**Aim of the task**
From the entries below, please output exactly the lines starting at the one containing "A T-cell infected by HIV particles is shown." and ending at the one containing "A-B. Puccinia caricina.", both included.

**Supplied data**

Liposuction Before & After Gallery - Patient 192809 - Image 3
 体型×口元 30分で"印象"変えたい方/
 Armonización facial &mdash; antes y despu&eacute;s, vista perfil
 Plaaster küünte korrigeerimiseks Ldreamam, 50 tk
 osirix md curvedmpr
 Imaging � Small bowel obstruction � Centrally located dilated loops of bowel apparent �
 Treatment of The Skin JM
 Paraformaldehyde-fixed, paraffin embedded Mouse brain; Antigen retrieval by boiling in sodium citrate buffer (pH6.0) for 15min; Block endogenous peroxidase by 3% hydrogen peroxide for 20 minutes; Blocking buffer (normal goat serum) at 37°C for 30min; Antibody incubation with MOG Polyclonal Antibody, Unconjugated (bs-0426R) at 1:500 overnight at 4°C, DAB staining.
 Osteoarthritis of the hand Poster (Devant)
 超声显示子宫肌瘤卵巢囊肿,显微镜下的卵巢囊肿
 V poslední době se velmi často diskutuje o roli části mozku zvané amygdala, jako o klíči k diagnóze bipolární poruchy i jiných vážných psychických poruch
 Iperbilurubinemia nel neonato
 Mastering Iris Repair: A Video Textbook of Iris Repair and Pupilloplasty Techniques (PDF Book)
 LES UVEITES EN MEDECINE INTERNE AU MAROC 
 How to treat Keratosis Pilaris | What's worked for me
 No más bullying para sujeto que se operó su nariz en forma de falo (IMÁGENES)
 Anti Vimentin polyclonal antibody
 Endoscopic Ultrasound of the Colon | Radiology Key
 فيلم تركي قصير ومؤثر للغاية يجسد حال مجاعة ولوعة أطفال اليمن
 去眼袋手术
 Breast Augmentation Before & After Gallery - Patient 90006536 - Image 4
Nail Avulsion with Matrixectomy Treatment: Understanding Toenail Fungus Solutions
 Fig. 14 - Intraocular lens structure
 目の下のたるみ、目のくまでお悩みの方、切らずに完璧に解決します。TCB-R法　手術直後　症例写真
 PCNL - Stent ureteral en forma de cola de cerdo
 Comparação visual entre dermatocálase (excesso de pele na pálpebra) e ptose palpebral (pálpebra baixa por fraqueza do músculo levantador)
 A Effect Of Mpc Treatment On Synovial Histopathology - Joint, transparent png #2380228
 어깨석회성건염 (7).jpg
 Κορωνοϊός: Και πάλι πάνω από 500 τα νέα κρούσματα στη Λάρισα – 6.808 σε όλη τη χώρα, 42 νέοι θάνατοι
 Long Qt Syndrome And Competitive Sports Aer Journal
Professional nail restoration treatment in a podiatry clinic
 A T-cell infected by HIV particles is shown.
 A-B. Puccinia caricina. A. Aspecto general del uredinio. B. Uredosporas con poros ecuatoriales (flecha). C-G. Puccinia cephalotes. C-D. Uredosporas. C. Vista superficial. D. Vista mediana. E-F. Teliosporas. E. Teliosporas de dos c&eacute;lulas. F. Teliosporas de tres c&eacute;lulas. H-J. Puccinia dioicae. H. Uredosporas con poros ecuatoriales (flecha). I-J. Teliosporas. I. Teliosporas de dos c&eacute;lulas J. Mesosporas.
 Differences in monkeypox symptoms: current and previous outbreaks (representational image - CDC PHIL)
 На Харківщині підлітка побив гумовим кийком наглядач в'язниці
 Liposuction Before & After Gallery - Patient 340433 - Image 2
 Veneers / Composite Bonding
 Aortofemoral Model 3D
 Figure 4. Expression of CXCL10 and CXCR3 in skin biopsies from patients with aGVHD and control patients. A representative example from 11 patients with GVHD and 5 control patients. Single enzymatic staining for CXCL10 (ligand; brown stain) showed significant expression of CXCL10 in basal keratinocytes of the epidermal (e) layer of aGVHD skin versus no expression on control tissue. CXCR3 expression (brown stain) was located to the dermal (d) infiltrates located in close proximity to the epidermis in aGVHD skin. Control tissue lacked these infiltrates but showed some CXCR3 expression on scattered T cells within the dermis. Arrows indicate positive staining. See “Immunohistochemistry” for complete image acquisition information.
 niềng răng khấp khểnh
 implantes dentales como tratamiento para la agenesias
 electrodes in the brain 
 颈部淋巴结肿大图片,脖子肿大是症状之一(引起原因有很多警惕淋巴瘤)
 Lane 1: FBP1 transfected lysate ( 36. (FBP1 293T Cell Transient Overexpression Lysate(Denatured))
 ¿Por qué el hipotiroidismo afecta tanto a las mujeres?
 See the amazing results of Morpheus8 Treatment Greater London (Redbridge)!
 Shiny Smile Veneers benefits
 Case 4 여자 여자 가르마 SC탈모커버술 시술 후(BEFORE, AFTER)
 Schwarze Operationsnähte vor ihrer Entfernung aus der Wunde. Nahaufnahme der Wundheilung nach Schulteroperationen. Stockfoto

**Exercise result**
 A T-cell infected by HIV particles is shown.
 A-B. Puccinia caricina. A. Aspecto general del uredinio. B. Uredosporas con poros ecuatoriales (flecha). C-G. Puccinia cephalotes. C-D. Uredosporas. C. Vista superficial. D. Vista mediana. E-F. Teliosporas. E. Teliosporas de dos c&eacute;lulas. F. Teliosporas de tres c&eacute;lulas. H-J. Puccinia dioicae. H. Uredosporas con poros ecuatoriales (flecha). I-J. Teliosporas. I. Teliosporas de dos c&eacute;lulas J. Mesosporas.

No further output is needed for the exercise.